Formula 1 has terminated its deal with its broadcaster in Russia, the state-owned Match TV, and will no longer make F1TV available in the country.
The decision by F1 was first reported by RacingNews365, and The Race understands the F1TV portion to be correct – while Match TV officially confirmed the stoppage of its F1 deal later on Thursday.
It comes on the heels of the championship terminating its deal with the Russian Grand Prix in the wake of Russia’s ongoing invasion of Ukraine, as well as the exit of the grid’s sole Russian driver Nikita Mazepin, related to his former team Haas’s termination of its deal with title sponsor Uralkali.
F1 has been a regular staple of free-to-air TV in Russia, beginning with the airing of the Spanish Grand Prix back in 1991.
It is far from the first international championship to suspend its broadcast deals in the country, with the English Premier League (football), France’s Ligue 1 (football), the United States’ NHL (hockey) and NBA (basketball) among those either reportedly withdrawing from the Russian TV market or making their exits official.
“The Match TV channel was informed of the termination of our agreement to broadcast F1,” said the channel’s executive producer Aleksandr Taschin.
“Unfortunately, the 2022 season will not be shown on our channel, despite the long-standing fulfillment of all the financial and marketing obligations from our side.
“We regret what is yet another politicised act from Western colleagues, and we hope that the many fans of auto racing in Russia will yet get to view F1 on the big screen, commentated by our voice of Formula 1 – [long-serving Russian F1 broadcaster] Alexey Popov”.
Russia will also be cut off from Formula 1’s Codemasters-developed official video game, as its new publisher Electronic Arts has suspended sales of its products in the country.
Major Russian motorsport programme SMP Racing announced earlier on Thursday that it would be withdrawing its drivers from international competition in 2022.
SMP Racing – a prominent Williams backer when the team ran Sergey Sirotkin in 2018 – is run by Boris Rotenberg, a man thought to be close to Vladimir Putin and someone who was among the names targeted by the UK in the first round of sanctions relating to the Ukraine conflict.
While this and various other countries’ sanctions would theoretically seriously complicate SMP Racing providing funding for its drivers’ international programmes, the organisation itself claimed the decision was to do with the demands placed by the FIA on Russian and Belarusian athletes who wished to compete.

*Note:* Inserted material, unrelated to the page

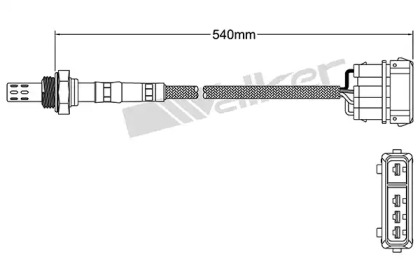 WALKER PRODUCTS 250-24540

SMP Racing described the demands as “unprecedented” and “extremely harsh”.
Among the drivers impacted and therefore sidelined as a result are W Series’ Irina Sidorkova and likely F3 frontrunner Alexander Smolyar, who had signed on to drive for MP Motorsport.
SMP also claimed that this has impacted a planned return to international racing for Sirotkin, who “planned to race in the GT World Challenge Endurance Cup”.
Prior to SMP’s announcement, another prominent Russian representative in international motorsport – the endurance team G-Drive – had announced it would be pulling out of the World Endurance Championship, where it was due to be represented by ex-Red Bull F1 driver Daniil Kvyat.